Le 16e siècle fut une période noire pour les communautés de l’île. Les razzias des pirates “barbaresques” s’intensifièrent vers 1530 pour atteindre leur paroxysme entre 1570 et 1620. Les “turcs”, souvent originaires du Maghreb, tenaient les côtes de l’île. Villages attaqués, maisons et cultures détruites, habitants emmenés en captivité… Les terres littorales furent désertées. Gênes décida alors d’un ambitieux programme de construction de tours de surveillance et de défense. De 1530 à 1620, une centaine de tours furent édifiées aux frais des populations, qui durent acquitter un impôt spécial sur le sel.

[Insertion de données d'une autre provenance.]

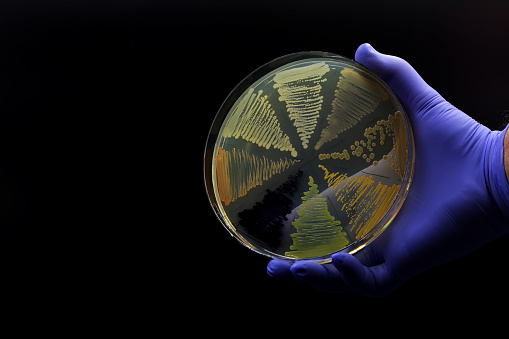 Hand of doctor or researcher holding a plate of microbiological cultures with colored bacteria. Concept of antibiotic resistance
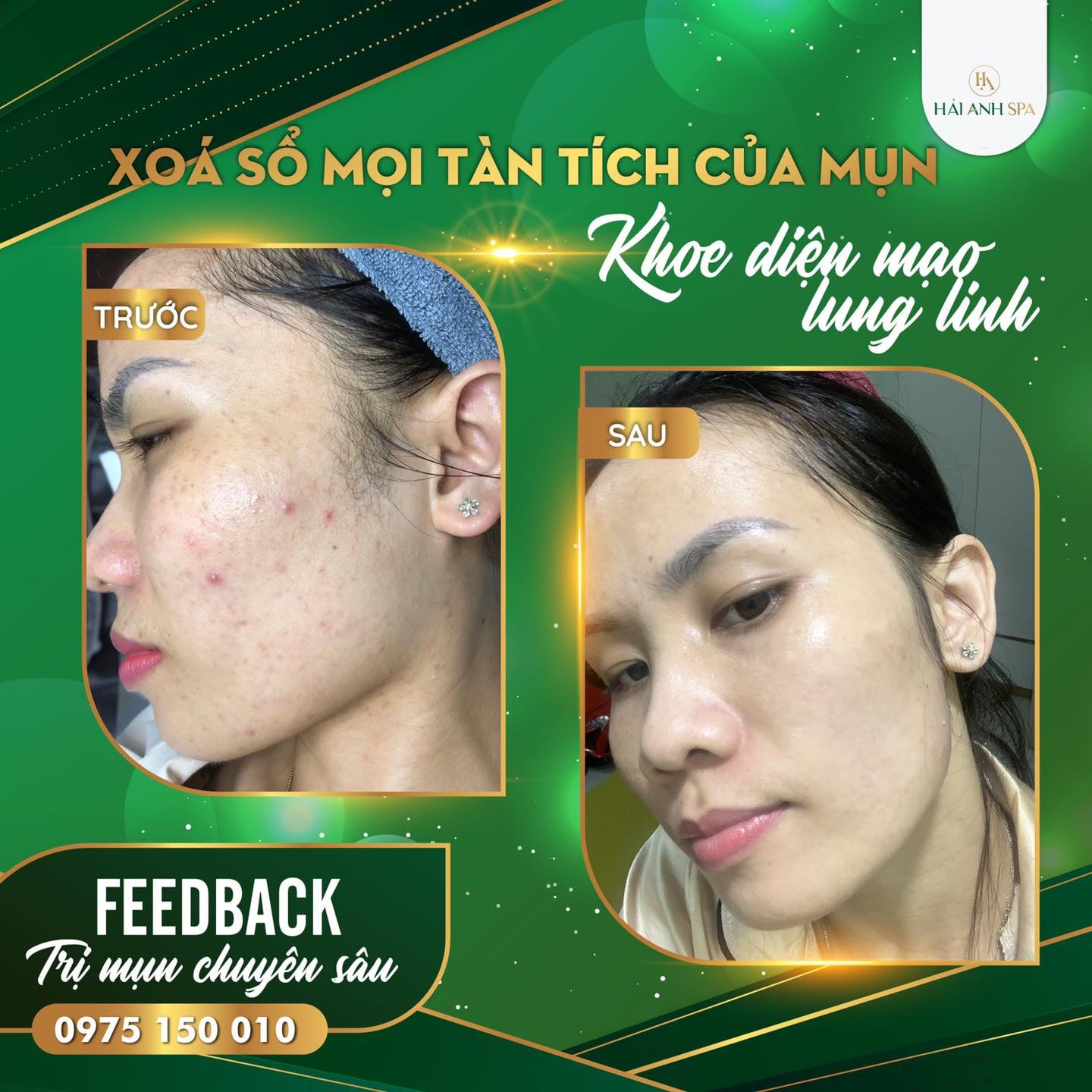 Spa Hải Anh ảnh 1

La décision de bâtir celle de Porto Erice (ancien nom de Campumoru) intervint aussitôt après le sac de Sartène en 1583. En 1586, après un an de travaux, la plus massive des tours de Corse était achevée. Une exposition, dans la tour de Campumoru, raconte cet épisode de l’histoire Corse. La tour de Senetosa, bien plus tardive, est l’une des dernières édifiées en Corse, comme sa voisine de Roccapina, sous la conduite de Giovanni di Cauro.

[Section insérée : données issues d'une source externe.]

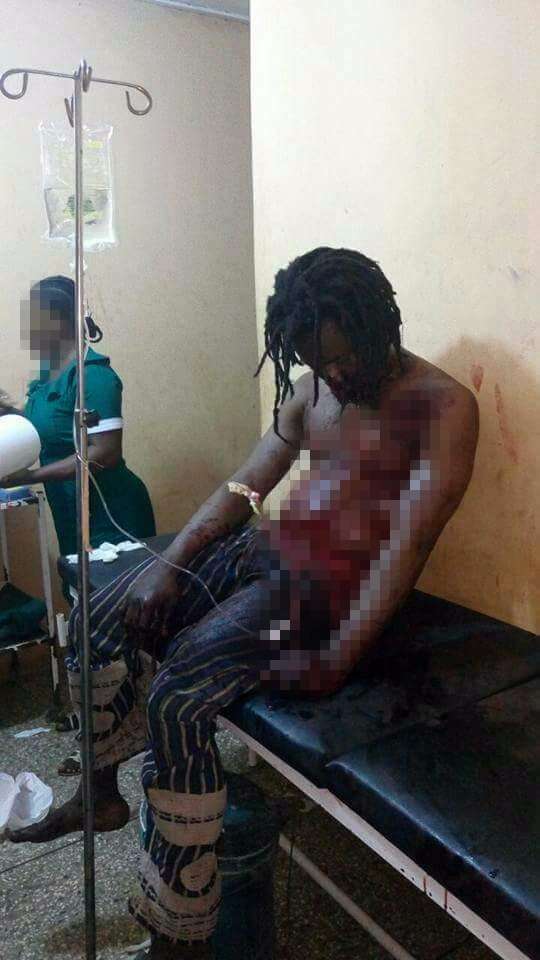 Ghana: Croyant en ses pouvoirs mystiques, un féticheur se retrouve à l’hôpital après avoir reçu des balles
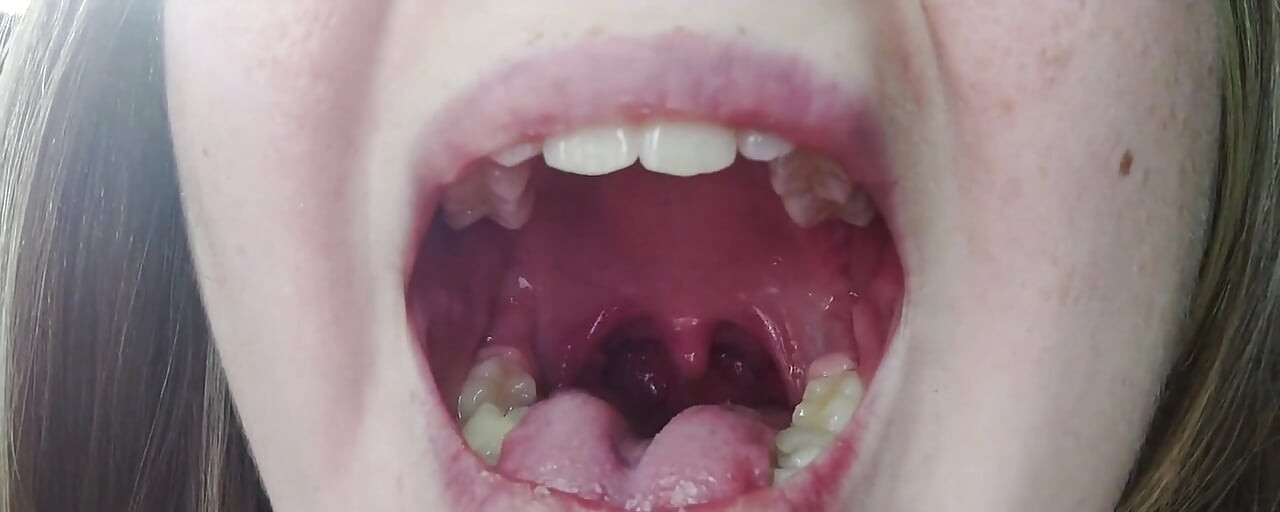 목구멍 페티쉬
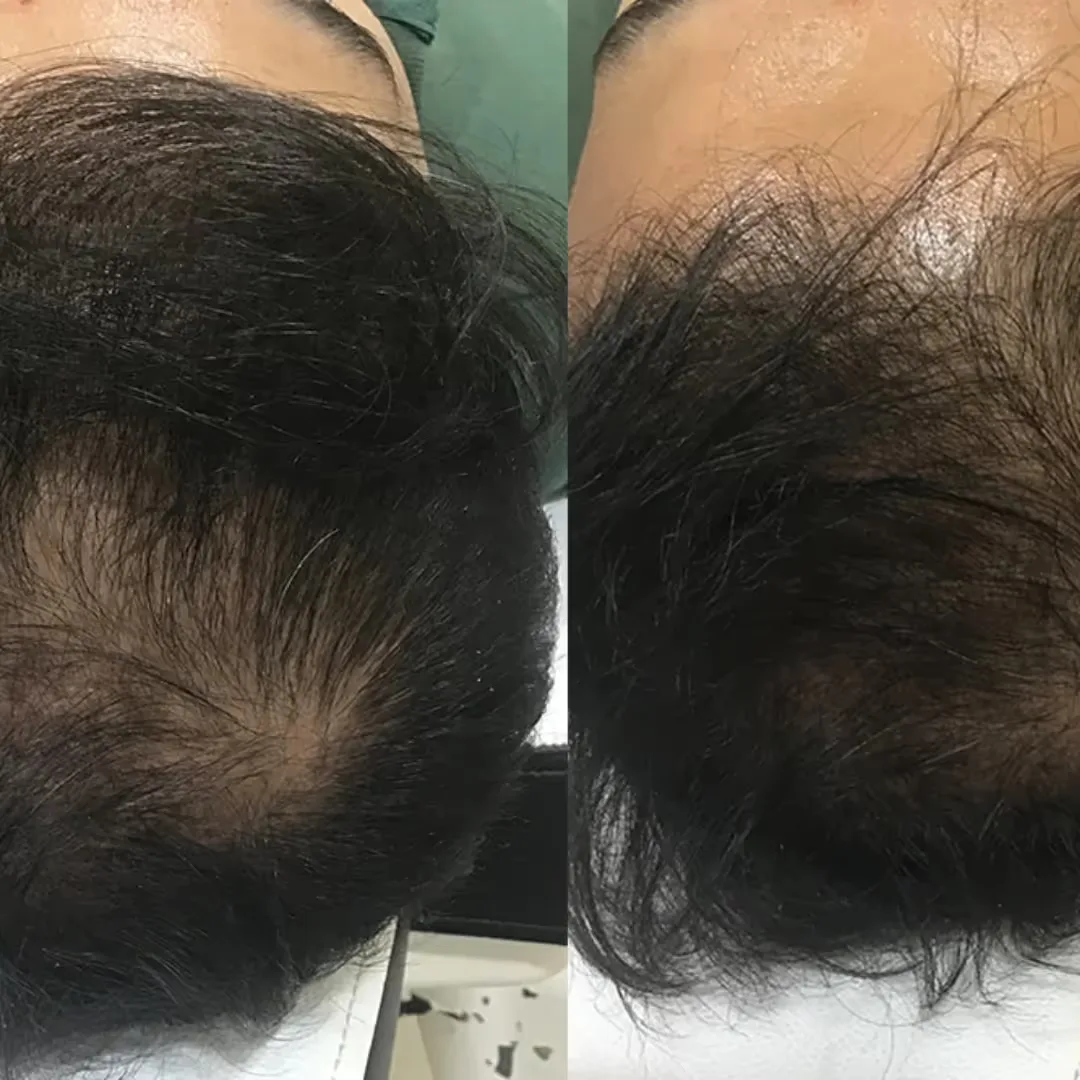 Before and after GFC Mesotherapy images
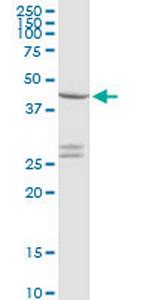 CXADR Polyclonal Antibody, MaxPab™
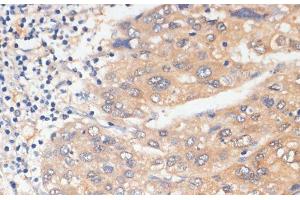 Immunohistochemistry of paraffin-embedded Human liver cancer using WNK3 Polyclonal Antibody at dilution of 1:100 (40x lens). (WNK3 anticorps)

Le phare de Senetosa, lui, raconte une autre histoire. Le 17 avril 1887, le Tasmania, vapeur de la Peninsular and Oriental Line, parti de Bombay, s’abîme sur les récifs des Moines. Si les passagers sont tous sauvés, une partie de l’équipage, dont le capitaine, meurt dans la catastrophe. Ce naufrage connait un fort retentissement : le navire transportait des invités au Jubilé de la reine Victoria, dont le maharadjah Sir Portab Singh chargé d’offrir à la reine un coffre de pierres précieuses. Les bijoux sont sauvés, mais le chargement, ivoire, opium, indigo, coton, sésame, peaux, épices, café, reste au fond de l’eau. La puissante, Lloyd’s, qui assurait le Tasmania, fait pression sur le gouvernement français pour qu’un phare signale les dangereux écueils des Moines. Dans un contexte de rapprochement diplomatique entre le Royaume-Uni et la France, le service des Phares et Balises est chargé de le bâtir au plus vite. Ainsi, dès 1892, le phare de Senetosa est allumé. Très original, il est l’unique phare de France à être conçu avec deux tours : une tour pour la lanterne, la seconde pour porter un secteur de verre rouge destiné à signaler précisément les Moines. Ce phare terrestre, isolé sur la côte, sans accès routier, offre à ses gardiens des conditions de vie quasi insulaires : la relève s’y fait notamment par bateau. Cette situation particulière a conduit le Conservatoire du littoral à le transformer en refuge littoral, le premier de Corse.